Chiude i battenti Brigantica, la kermesse a metà tra lo storico e l’etnologico e che ha impegnato molte amministrazioni comunali in una serie di appuntamenti che hanno contraddistinto l’estate che è ormai alle spalle. Lo scoppo, quello di spiegare, a distanza di 164 anni, “tutta nata storia”, per citare una dei pezzi più antagonisti di sempre del repertorio di Pino Daniele, e cioè la falsa storia risorgimentale e liberale, farcita di retorica, per imporre il pensiero dominante di criminalizzazione di quello che gli occupanti piemontardi chiamarono in termini di delegittimazione politica brigantaggio.

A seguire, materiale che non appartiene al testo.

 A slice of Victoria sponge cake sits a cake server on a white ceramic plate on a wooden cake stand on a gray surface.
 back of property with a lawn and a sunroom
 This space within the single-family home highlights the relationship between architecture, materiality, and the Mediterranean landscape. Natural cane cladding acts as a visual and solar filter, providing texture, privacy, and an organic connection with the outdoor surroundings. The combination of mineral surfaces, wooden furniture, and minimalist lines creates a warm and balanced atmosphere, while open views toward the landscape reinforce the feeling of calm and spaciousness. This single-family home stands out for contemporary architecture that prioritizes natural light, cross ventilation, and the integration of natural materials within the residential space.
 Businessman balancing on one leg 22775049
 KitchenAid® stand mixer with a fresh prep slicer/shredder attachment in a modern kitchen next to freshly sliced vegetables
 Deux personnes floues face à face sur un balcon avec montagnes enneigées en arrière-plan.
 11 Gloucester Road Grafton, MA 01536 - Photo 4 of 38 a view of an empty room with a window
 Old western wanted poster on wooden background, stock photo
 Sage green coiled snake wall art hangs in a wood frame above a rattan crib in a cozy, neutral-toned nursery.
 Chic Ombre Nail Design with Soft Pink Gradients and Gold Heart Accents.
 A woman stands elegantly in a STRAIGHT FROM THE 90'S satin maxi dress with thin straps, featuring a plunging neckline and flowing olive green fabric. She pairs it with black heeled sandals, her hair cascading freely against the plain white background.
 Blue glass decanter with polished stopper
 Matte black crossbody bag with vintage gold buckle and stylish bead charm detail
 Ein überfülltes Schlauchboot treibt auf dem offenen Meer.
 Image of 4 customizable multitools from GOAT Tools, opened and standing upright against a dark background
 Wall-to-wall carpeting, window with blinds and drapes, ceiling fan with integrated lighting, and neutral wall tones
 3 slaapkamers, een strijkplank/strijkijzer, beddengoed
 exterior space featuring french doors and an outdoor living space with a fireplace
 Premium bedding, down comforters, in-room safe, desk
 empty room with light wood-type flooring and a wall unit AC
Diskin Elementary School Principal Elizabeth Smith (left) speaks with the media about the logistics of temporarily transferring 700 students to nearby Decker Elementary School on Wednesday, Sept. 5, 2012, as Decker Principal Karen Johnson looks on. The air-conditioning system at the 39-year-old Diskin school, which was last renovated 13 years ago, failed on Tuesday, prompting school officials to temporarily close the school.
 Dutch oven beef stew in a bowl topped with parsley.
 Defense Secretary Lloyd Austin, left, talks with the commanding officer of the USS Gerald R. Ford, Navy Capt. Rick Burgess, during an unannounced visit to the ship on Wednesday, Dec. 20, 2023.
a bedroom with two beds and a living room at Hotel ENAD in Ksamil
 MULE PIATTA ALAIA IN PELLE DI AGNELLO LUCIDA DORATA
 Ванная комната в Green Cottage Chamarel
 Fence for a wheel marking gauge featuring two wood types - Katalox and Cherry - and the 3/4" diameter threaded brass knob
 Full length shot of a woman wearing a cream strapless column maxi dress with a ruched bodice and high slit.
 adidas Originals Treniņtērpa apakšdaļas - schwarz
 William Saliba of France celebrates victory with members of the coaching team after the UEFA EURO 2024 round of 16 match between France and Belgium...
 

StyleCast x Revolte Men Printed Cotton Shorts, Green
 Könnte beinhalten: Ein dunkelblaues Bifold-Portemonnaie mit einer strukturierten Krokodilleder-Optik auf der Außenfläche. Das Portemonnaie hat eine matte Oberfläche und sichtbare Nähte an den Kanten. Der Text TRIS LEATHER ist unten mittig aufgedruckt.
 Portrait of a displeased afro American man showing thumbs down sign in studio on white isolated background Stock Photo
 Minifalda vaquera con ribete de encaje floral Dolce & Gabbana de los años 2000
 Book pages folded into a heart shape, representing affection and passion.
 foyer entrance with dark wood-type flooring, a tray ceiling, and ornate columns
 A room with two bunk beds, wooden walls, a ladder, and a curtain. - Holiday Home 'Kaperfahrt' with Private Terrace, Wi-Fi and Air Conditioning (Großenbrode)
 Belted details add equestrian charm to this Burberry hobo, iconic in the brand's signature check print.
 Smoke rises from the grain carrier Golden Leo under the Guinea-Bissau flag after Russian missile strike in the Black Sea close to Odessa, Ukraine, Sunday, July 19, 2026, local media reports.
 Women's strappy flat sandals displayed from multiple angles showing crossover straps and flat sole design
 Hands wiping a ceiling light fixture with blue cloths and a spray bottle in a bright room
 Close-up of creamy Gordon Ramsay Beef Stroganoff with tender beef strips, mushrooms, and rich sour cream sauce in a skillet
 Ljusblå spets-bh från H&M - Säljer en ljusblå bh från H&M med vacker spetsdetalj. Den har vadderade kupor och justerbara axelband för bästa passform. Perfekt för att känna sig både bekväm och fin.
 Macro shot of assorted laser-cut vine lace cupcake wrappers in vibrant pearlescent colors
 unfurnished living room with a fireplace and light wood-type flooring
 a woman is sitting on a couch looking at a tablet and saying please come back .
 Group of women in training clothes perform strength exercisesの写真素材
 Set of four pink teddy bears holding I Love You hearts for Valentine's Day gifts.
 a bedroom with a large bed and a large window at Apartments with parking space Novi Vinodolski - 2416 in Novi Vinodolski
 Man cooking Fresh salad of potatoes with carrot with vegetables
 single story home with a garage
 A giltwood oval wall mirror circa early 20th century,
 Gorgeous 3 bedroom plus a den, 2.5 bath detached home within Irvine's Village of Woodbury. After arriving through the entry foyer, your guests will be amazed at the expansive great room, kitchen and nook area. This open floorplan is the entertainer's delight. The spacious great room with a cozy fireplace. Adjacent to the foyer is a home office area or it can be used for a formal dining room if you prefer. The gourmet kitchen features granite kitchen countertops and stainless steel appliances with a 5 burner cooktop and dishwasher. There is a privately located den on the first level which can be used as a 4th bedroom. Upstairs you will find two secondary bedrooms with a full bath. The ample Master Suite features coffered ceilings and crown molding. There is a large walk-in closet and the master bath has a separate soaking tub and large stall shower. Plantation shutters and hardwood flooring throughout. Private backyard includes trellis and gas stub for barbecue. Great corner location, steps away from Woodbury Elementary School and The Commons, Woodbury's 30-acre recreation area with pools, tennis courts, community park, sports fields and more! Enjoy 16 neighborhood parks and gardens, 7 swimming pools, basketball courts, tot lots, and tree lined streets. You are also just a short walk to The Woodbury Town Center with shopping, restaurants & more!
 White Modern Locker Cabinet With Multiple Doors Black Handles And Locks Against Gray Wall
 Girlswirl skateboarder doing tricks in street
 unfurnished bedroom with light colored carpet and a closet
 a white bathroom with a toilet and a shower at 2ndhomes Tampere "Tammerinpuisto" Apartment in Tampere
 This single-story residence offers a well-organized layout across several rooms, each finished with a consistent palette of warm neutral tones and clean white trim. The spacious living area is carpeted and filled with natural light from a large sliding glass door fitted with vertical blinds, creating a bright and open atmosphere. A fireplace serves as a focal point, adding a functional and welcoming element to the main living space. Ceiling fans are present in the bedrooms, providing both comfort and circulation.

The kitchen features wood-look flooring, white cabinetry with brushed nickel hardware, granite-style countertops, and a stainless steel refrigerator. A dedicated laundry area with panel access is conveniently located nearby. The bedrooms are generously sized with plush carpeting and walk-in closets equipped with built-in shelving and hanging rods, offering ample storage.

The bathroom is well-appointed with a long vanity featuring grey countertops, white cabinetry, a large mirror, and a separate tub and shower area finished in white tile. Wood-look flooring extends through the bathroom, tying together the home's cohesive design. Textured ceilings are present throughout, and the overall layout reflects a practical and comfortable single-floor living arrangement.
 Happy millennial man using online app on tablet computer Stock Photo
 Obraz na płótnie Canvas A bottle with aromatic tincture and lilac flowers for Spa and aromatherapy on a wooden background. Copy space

Una masnada di tagliagole, secondo la storiografia borghese ufficiale, che però seppe tenere in scacco 120mila soldati regolari per quasi 5 anni, un segnale di quanto i nuovi padroni del sud avessero timore a parlre di vera e propria guerra civile agli occhi dell’Europa che li aveva sostenuti e non solo. Al di la del legittimismo borbonico che, in sostanza, lascia il tempo che trova la questione va inquadrata in schemi marxiani e cioè di una feroce lotta di classe che concentrò interessi contrapposti in quella che fu definita Unità d’Italia.
Borghesia degli affari, latifondo, organizzazioni criminali, di cui il nuovo stato si avvalse a piene mani per controllare il territorio preservando gli antichi proivilegi di casta e se ne avvarrà anche nel futuro, alte gerrachie militari meridionali passate direttamente nei nuovi quadri del costituendo Regno d’Italia con annessi e connessi; tutte queste forze intravvidero nel cambio di regime la possibilità non solo di consolidare il loro potere ma di accrescerlo. Dall’altro il sottoproletariato rurale e non solo rurale, tradito dalla chimera garibaldina della riforma agraria e spogliato anche di quelle prerogative che il vecchio regime borbonico, con poche tasse e relativi pochi servizi, aveva mantenuto evitando l’ulteriore improverimento.